Studio album by Billie Jo Spears
- Released: November 1968
- Recorded: May – August 1968
- Studio: Columbia (Nashville, Tennessee)
- Genre: Country
- Label: Capitol
- Producer: Kelso Herston

Billie Jo Spears chronology
|  | The Voice of Billie Jo Spears (1968) | Mr. Walker, It's All Over! (1969) |

Singles from The Voice of Billie Jo Spears
- "Harper Valley PTA" Released: August 1968; "He's Got More Love on His Little Finger" Released: November 1968;

= The Voice of Billie Jo Spears =

The Voice of Billie Jo Spears is a studio album by American country artist Billie Jo Spears. It was released in November 1968 via Capitol Records and contained 11 tracks. The disc mixed both new recordings with original material and featured her first charting single: "He's Got More Love on His Little Finger". It was the debut studio album of Spears's career and received positive reviews from critics.

==Background, recording and content==
Billie Jo Spears first signed a recording contract with United Artists Records in 1964. However, she had limited success with her first several recordings. Her label producer (Kelso Herston) moved to Capitol Records and was able to bring Spears to the label with him in 1968. The first recordings Herston made with Spears would be The Voice of Billie Jo Spears. The project was recorded in sessions held between May and August 1968 at the Columbia Studios.

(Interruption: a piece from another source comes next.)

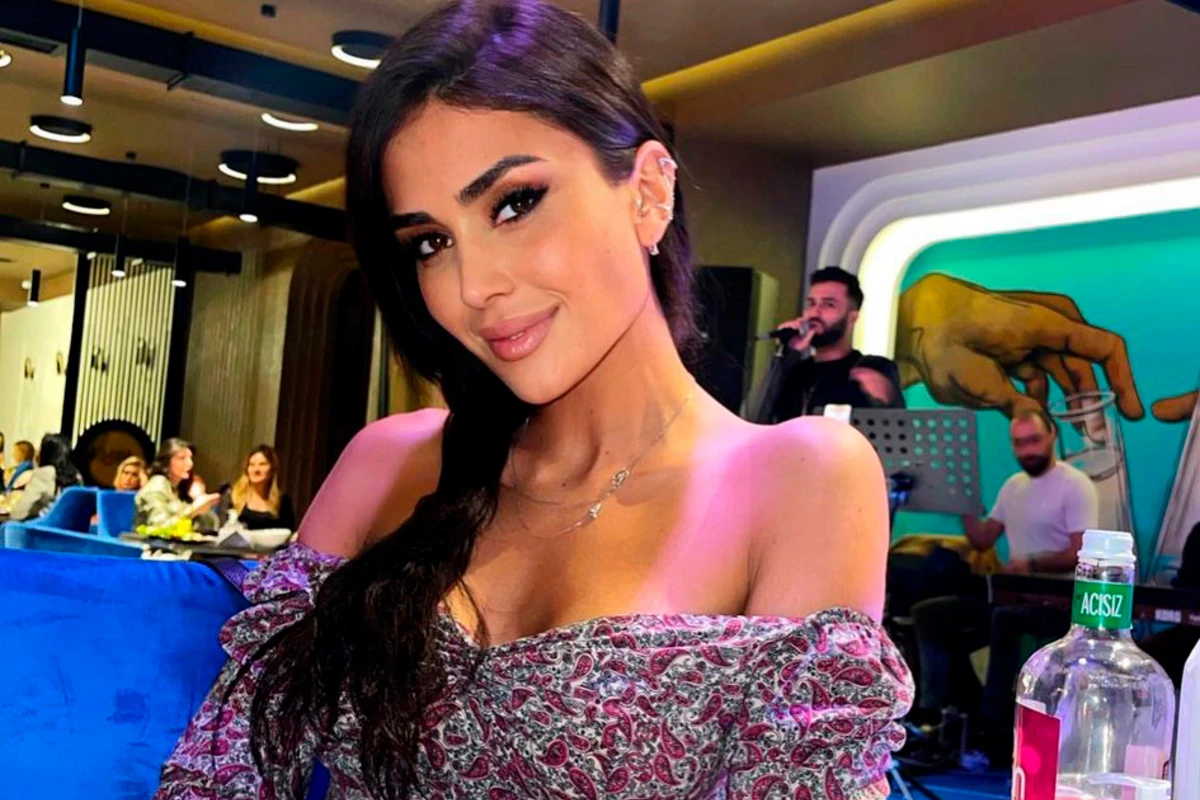 Парвин Абыева устроила жаркую ФОТОСЕССИЮ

The album consisted of 11 tracks. Many of the album's tracks were cover tunes. This included Bobbie Gentry's "Ode to Billie Joe" and two of Tammy Wynette's singles: "I Don't Wanna Play House" and "Take Me to Your World". New tracks are also featured such as "Home Loving Man", "Till Something Better Comes Along", "Talk Talk" and "He's Got More Love on His Little Finger". Three of these songs were composed (or co-composed) by Jack Rhodes, whom helped jump start Spears's early career.

==Release, critical reception and singles==
The Voice of Billie Jo Spears was released by Capitol Records in November 1968. It was distributed as a vinyl LP, featuring six songs on "side A" and five songs on "side B". It was the debut studio album of Spears's recording career. The album was received positively by critics and music publications. Billboard magazine called it a "powerful LP", highlighting the track "Get Behind Me Satan and Push". Alan Cackett of Country Music People magazine found that the disc "showed off her emotional styling on a selection of well known songs". AllMusic later rated the album 4.5 out of 5 possible stars.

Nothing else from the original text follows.